But on the first formal day of operations, an inaugural train traveling south from West Palm Beach struck a vehicle that attempted to cross the tracks in Pompano Beach.
In the ensuing three months, there have been several more collisions between trains and vehicles along the 66.5-mile stretch of Florida East Coast Railway tracks between West Palm Beach and Miami.
In February, the Federal Railroad Administration called a meeting of railroad managers, law enforcement and city officials in Boynton Beach to discuss the proliferation of accidents in South Florida and to set the tone for a series of action plans with the help of public money.
The FRA also launched a series of inspections at crossings that have been the scenes of accidents.
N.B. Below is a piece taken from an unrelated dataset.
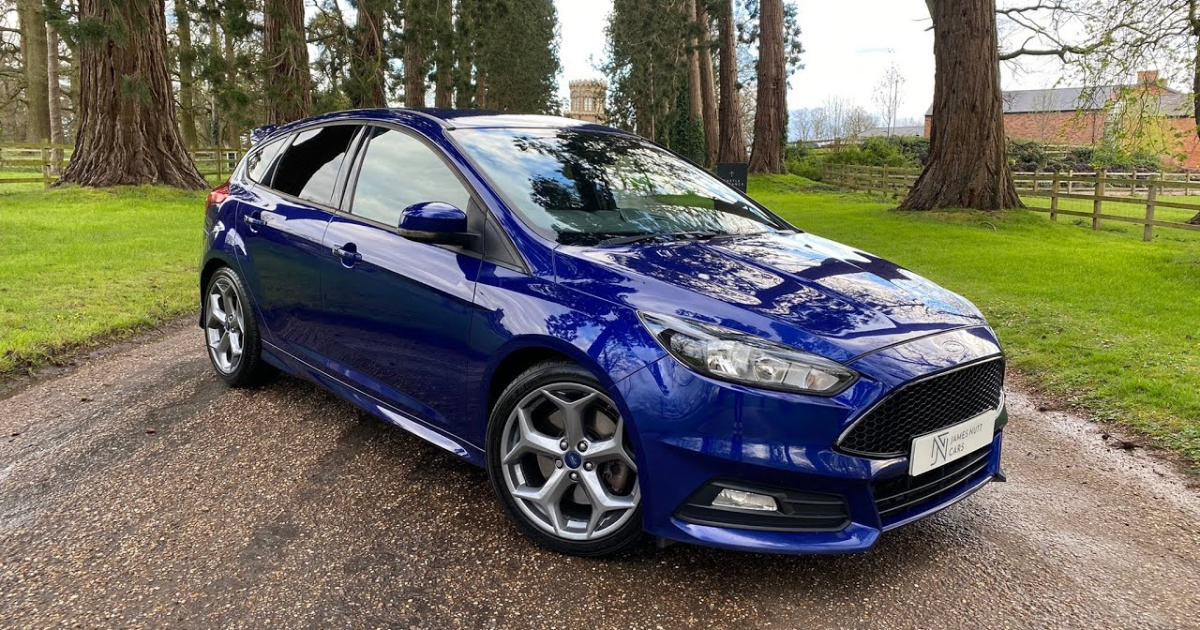 Descubra 5 carros usados até R$ 60 mil que entregam mais potência, desempenho e conforto do que modelos 1.0 populares.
The results of those inspections have yet to be made public.
A spokeswoman said the agency is returning to South Florida this month to hold another Town Hall meeting in Miami with public officials and engineers to “discuss best practices and needs.” A meeting is planned for Broward County at an unspecified date.
Brightline, the FEC and the state elected to move ahead with their joint project not long after the Boynton Beach meeting.
In their application, they acknowledged the prospects for more deaths and injuries could well heighten as South Florida’s population continues to grow and Brightline extends its South Florida line, which serves the downtowns of Fort Lauderdale, West Palm Beach and Miami, to Orlando next year.
The new link to Central Florida will add 36 passenger trains along the corridor each day, the application says.
The Florida East Coast line is also making significant improvements “that could increase freight rail to about 24 trains per day and expand the average train length to 8,150 feet,” the applicants say.
Soon, Tri-Rail, the publicly subsidized commuter line that serves 18 stations between Palm Beach County and Miami International Airport along the CSX line west of I-95, will use a portion of the FEC corridor in Miami-Dade County when it starts serving downtown Miami.
Finally, over the next several years, new commuter rail services along the FEC corridor are planned for Broward and Miami-Dade counties.
“The passenger and freight traffic growth could mean that segments of the corridor may see more than 60 trains a day by 2023,” according to the application. “The growth of rail traffic and population will increase human/rail traffic conflicts and the number of incidents will likely rise if no action is taken.”